DR CHET SPEVENS | Finance Expert | CONTACT
$425. That’s how much profit one of my investment properties made me from a couple of city slickers staying there while visiting our beautiful town of Betoota last weekend.
Did you know that the same time last year, when I was renting out that same property to a single mother on welfare on a 12-month lease, I was not making any profit? In fact, I was losing $35 each week (although I got it back come tax time).
Transforming your investment property from a long-term rental to a short stay accommodation is more lucrative for humble landlords like you and I. Plus, it’s less stressful.
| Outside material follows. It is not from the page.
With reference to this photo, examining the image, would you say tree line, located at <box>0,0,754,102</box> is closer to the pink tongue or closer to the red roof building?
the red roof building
There’s less regulation and legislation to adhere too, and if your short stay tenant is demanding, well it doesn’t matter because they’ll be gone by the end of the week!
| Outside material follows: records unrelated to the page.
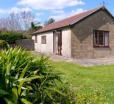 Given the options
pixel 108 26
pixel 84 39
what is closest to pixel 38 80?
pixel 84 39

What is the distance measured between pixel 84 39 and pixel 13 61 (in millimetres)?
22863

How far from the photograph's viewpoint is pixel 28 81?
550cm

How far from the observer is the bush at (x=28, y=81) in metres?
5.14

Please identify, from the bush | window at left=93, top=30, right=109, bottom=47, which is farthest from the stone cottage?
the bush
By every measure, short stay accommodation is the more profitable choice for us landed gentry. So why on John Howard’s good green Earth would the Betootanese government be considering charging our AirBnBs a new tax to make it harder for us to make a dollar?
Sure, the government might claim that it’s to ease the so-called ‘rental crisis’ in tourist areas such as Betoota’s famed French Quarter. But really, it’s just another shameless money grab.
Now even Airbnb itself is succumbing to this ultra greenie radical left pressure and is supporting calls for a tax on tourists to try to combat the housing affordability crisis.
Has the world gone mad?!
It is getting hard for Landlords like us to eeek out a profit during this rental and cost of living crisis.
Why is no one talking about the effect this is having on the financial and mental health of our ever dwindling cohort of Aussie landlords who decided to get up off their yoga ball and make something of themselves?
Look, I am all for housing reform to ease the rental crisis. I am. But it must be done in a way that does not alienate the landlord class any further by attacking their profit margins.
Which I know is impossible. But so long as it negatively affects me then I’m against it no matter the social costs to wider society.
Support the economy. Support tourism. Say ‘Yes’ to short stay accommodation!